J'avais vu une interview, ou enfin je ne sais pas bien ce que c'était, mais disons une vidéo où Desplechin racontait une scène de Ma vie sexuelle, celle où la porte automatique refuse de s'ouvrir devant paul Dedalus. Desplechin disait, si ma mémoire est bonne, que Paul comprend à ce moment là à quel point il existe peu, qu'il n'existe même pas assez pour que cette porte le détecte. Alors il a sa thèse dans la main et il fait des grands gestes en espérant tout débloquer, il se dit peut-être la thèse, c'est un objet, peut-être qu'après tout elle existe plus que moi. Mais ça ne marche toujours pas. Finalement la porte s'ouvre avec le passage de trois jeunes filles qui ne se rendent compte de rien. 
Je n'avais pas remarqué cette scène, je n'en avais pas gardé le souvenir, mais la manière dont Desplechin en parlait m'a beaucoup plue (l'impression que ses films sont toujours mieux quand il en parle que quand on les voit, de toute façon). 

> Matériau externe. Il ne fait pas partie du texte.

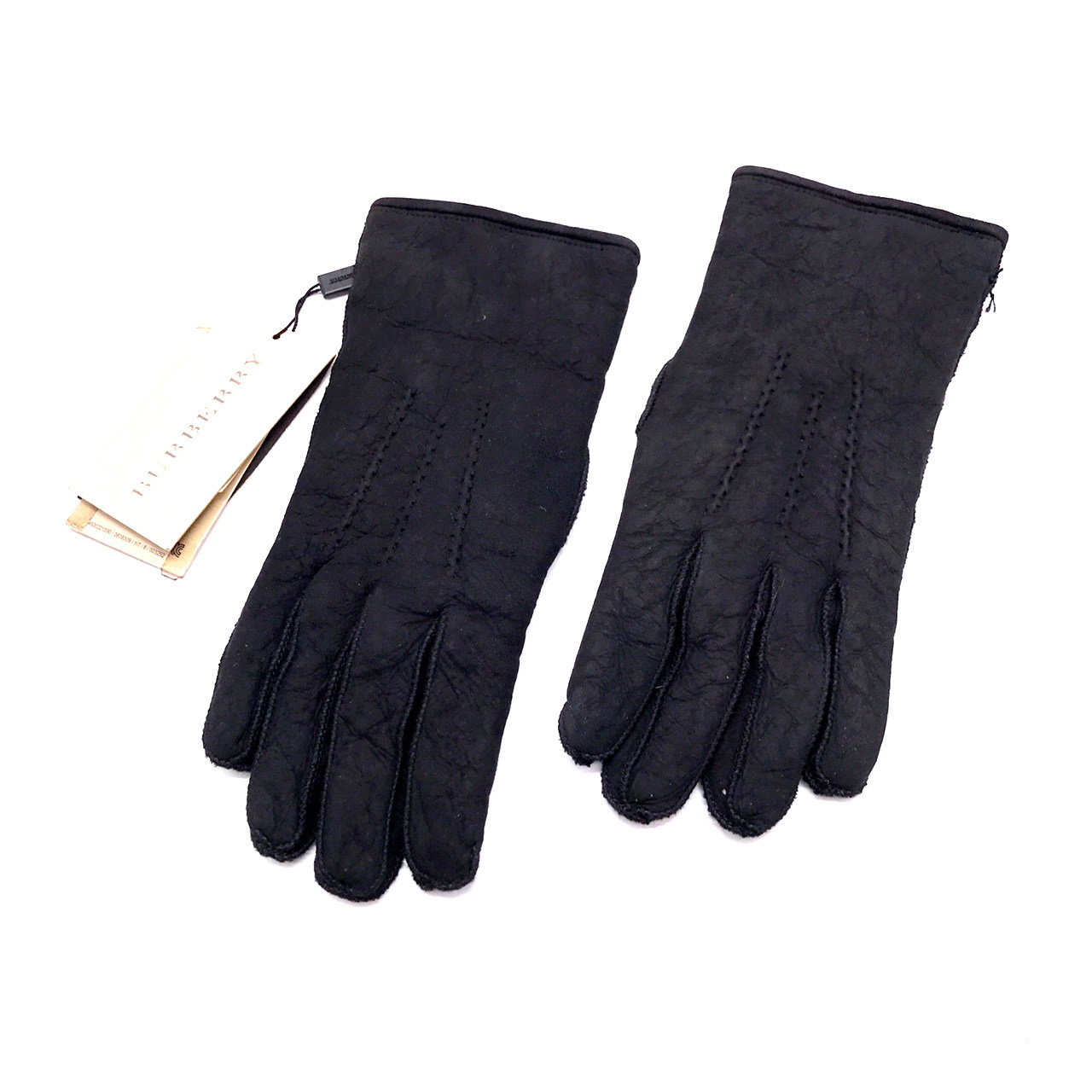 [9.9新]博柏利burberry中性黑皮手套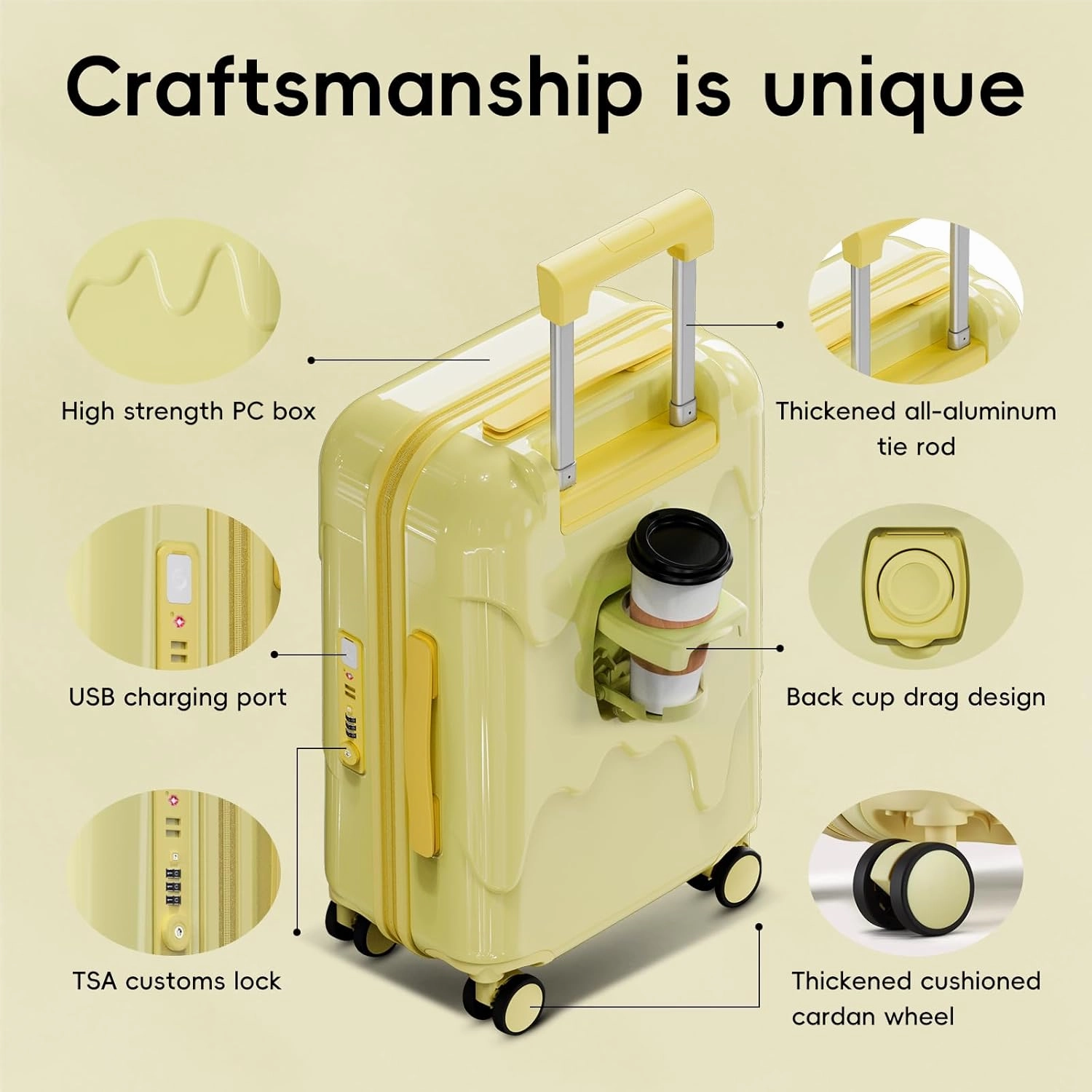ROAMING 24 Inch PC Hard Sided Checked Luggage with TSA Lock Cup Holder USB Charging Port and Spinner Wheels Lightweight Durable Ice Cream Travel Suitcase for Women Cheese yellow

C'est un peu le sentiment que je me fais ces temps ci : j'ai l'impression d'être paul Dedalus devant cette porte qui refuse de s'ouvrir, et voir les gens vivre sans y prendre garde, faire naturellement tout ces petits gestes qui me semblent laborieux, m'épate assez. 

jeudi 7 août 2014


J'étais tellement amoureuse de lui dans mon rêve qu'au réveil je n'étais plus sûre de l'être dans la réalité. Normalement c'est l'inverse: on rêve qu'on est amoureux de quelqu'un et le lendemain on se dit comme ça "et si c'était vrai ?" - preuve ultime que c'est déjà trop vrai pour qu'on puisse y faire quoique ce soit d'ailleurs; mais moi ce matin je me suis dit plutôt comme ça "et si ça n'était qu'un rêve ?".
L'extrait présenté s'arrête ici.